C’est une tendance de fond qui se dessine depuis quelques années déjà, et qui s’est illustrée notamment avec la reprise de Vexim par Stryker en 2017, ou plus récemment par celle de Medicrea par Medtronic. C’est à chaque fois sensiblement la même histoire, à savoir l’invention d’un Français rachetée par un géant américain du secteur. Le marché de la medtech est en effet très innovant en France, néanmoins sa généralisation passe souvent par l’adossement à un grand équipementier ou distributeur américain. Les medtechs tricolores, elles, cherchent à rapprocher leur valorisation de leurs homologues sur le Nasdaq. Cela les conduit soit à faire des opérations de « crossover financing », assez à la mode en ce moment, soit à chercher un rapprochement comme c’est le cas pour Voluntis, qui est un précurseur dans le domaine du suivi des malades longue durée en ligne.
Que retenez-vous particulièrement de cette opération ?
Comme les medtechs françaises sont en général bien moins valorisées que leurs concurrentes américaines et leurs opérations avec de fortes primes, le besoin de confidentialité est très important afin d’éviter toute fuite, ou que le prix ne flambe et ne rende hasardeuse la réalisation de l’opération.
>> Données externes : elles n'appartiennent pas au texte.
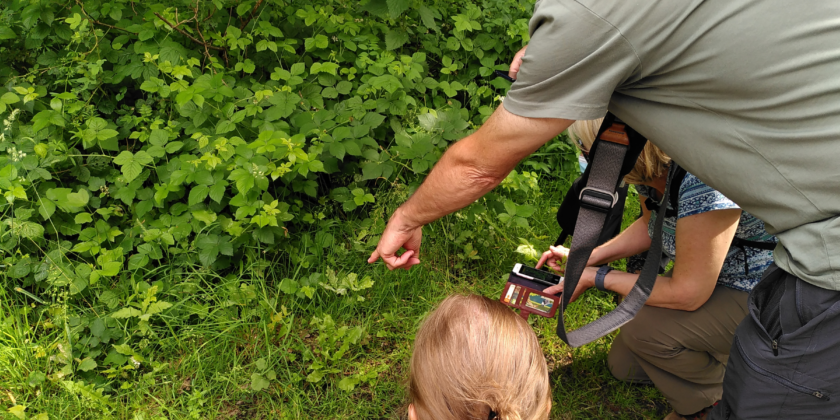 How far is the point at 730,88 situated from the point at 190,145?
8.27 ft

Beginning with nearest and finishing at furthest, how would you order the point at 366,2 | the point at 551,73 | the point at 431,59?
the point at 551,73, the point at 366,2, the point at 431,59

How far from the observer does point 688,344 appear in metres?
2.26

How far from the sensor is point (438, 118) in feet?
9.91

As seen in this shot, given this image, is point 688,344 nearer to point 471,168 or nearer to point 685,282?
point 685,282

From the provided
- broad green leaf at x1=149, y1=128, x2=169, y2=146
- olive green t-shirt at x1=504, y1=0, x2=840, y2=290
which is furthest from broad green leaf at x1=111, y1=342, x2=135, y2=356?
olive green t-shirt at x1=504, y1=0, x2=840, y2=290

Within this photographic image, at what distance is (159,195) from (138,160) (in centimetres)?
23

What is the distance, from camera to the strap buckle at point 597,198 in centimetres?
161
Cela explique la vitesse à laquelle ces opérations sont réalisées et pourquoi des blocs de contrôle sont achetés. Cela permet de se prémunir contre des offres concurrentes ou surenchères d’autres acquéreurs, par opposition aux offres volontaires. Les questions d’investissements étrangers, très fréquentes actuellement, ont également marqué ce rachat.
Quelle a été selon vous la principale complexité lors de la structuration du deal ?
Cela n’a pas tant été lié à l’opération en elle-même qu’au fait d’aider un client et des actionnaires fonds d’investissement à trouver le meilleur chemin critique, en termes de valorisation, entre s’adosser à un grand groupe étranger et tenter de réussir sa propre expansion sur le marché américain. Il s’agit de bien savoir naviguer entre les deux, car beaucoup de questions se posent, notamment en termes de probabilité de succès, de déplacement de management, de relocalisation ou de mise en place des structures commerciales ad hoc. Dans le cas de Voluntis, qui avait déjà plutôt bien réussi son américanisation, le fait d’avoir une forte activité aux Etats-Unis et une partie du management déjà localisée outre-Atlantique a naturellement joué en faveur de l’adossement.